At the same time, NATO needs Russian assistance in important spheres, including the Afghan conflict. Rasmussen called on Moscow to expand its involvement in the NATO-led International Security Assistance Force (ISAF) operations in Afghanistan and to provide ISAF with helicopters, fuel and pilots.
He also said Russia could undertake to train Afghan police officers on its territory.
Moscow agreed to provide such assistance and to handle additional NATO transits via Russian territory. Russia will help the Afghan army to maintain its helicopter fleet mostly comprising Soviet/Russian helicopters.
Moscow's motives for supporting NATO in Afghanistan lie on the surface. Continued ISAF operations in Afghanistan mean that Russia does not have to deploy additional forces along the southern perimeter of its CIS partners and Collective Security Treaty Organization (CSTO) countries.
The continued war in Afghanistan does not make NATO any stronger and forces it to compromise in relations with Russia.
Such a compromise solution has not been found yet. The alliance strives to obtain various benefits from Russia, without giving anything in return.
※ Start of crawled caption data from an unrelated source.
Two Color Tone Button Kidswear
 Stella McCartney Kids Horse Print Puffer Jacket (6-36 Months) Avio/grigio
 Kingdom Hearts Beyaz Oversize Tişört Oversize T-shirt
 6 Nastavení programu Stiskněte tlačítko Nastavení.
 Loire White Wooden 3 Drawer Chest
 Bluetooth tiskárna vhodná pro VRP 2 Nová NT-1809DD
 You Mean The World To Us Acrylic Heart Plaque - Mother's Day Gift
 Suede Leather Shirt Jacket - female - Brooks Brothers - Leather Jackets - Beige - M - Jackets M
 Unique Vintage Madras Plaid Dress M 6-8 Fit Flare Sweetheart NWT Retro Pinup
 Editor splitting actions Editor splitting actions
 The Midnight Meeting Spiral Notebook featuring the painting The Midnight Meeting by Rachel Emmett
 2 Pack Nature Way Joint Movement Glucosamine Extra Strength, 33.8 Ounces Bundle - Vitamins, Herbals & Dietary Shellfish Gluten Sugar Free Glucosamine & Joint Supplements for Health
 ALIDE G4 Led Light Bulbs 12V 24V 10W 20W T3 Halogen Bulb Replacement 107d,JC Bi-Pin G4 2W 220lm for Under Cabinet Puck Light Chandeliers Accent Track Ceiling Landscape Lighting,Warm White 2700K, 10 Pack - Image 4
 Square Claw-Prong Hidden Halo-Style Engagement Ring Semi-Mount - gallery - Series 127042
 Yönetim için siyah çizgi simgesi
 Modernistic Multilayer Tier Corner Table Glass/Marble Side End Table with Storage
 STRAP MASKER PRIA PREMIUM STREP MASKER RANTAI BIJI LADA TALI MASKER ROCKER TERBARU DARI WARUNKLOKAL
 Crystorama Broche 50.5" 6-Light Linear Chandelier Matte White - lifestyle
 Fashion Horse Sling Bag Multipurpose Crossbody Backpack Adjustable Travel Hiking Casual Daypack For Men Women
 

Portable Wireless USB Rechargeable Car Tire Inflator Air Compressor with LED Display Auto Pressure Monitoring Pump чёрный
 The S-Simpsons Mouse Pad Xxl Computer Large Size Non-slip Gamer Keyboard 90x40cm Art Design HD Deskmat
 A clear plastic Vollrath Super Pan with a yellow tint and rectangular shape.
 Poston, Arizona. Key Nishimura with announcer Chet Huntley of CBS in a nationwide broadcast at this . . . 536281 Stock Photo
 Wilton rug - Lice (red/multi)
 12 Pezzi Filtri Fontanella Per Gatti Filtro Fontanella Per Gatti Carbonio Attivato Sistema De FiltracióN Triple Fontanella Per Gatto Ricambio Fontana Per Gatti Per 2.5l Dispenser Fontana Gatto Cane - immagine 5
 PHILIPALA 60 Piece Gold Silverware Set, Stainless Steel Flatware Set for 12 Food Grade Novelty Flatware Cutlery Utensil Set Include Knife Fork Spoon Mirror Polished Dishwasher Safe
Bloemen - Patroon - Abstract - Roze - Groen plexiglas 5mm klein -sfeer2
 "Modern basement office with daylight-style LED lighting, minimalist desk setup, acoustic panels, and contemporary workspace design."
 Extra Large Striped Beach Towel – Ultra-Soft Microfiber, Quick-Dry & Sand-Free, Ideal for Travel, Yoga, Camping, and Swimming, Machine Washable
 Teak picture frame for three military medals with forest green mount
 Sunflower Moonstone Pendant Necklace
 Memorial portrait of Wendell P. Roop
This facilitates serious doubts as regards real prospects for close Russia-NATO cooperation.
Russia-NATO relations will remain in an uncertain and neutral state if NATO leaders stick to their current strategy. This uncertainty will be determined by the fact that neither side wants direct confrontation or is capable of it.
Consequently, various summits and seminars will remain the main format of Russia-NATO cooperation. The sides will exchange polite statements, without resolving any specific issues. Mutual arguments will sometimes give way to simulated humanitarian and peacekeeping missions.
Expanded bilateral cooperation will be further complicated by NATO's extremely cumbersome bureaucratic bodies which have long taken over its command and staff departments and by the tough anti-Russian stance of many new NATO countries supported by some major members of the alliance.
Nevertheless, Russia and NATO will strive to settle important issues. Consequently, Moscow must establish direct relations with NATO countries, primarily the most powerful members of the alliance.
Russia's ties with Germany, France, Italy and now Turkey are particularly promising in this respect. Direct negotiations with these countries make it possible to effectively resolve a broader range of issues than talks with NATO's overly bureaucratic system.
The development of relations between Moscow and Washington is another factor that will determine Russia-NATO relations in the next few years.
In this connection, the new strategic arms reduction treaty (START), currently being discussed by Russian and U.S. diplomats, has great significance. Its clauses will largely determine the format of Russian-U.S. military relations and those between Moscow and NATO as a whole.
Hopefully, such provisions will become known in the run-up to the May 6 meeting between the heads of Russian and NATO general staffs.
The opinions expressed in this article are the author's and do not necessarily represent those of RIA Novosti.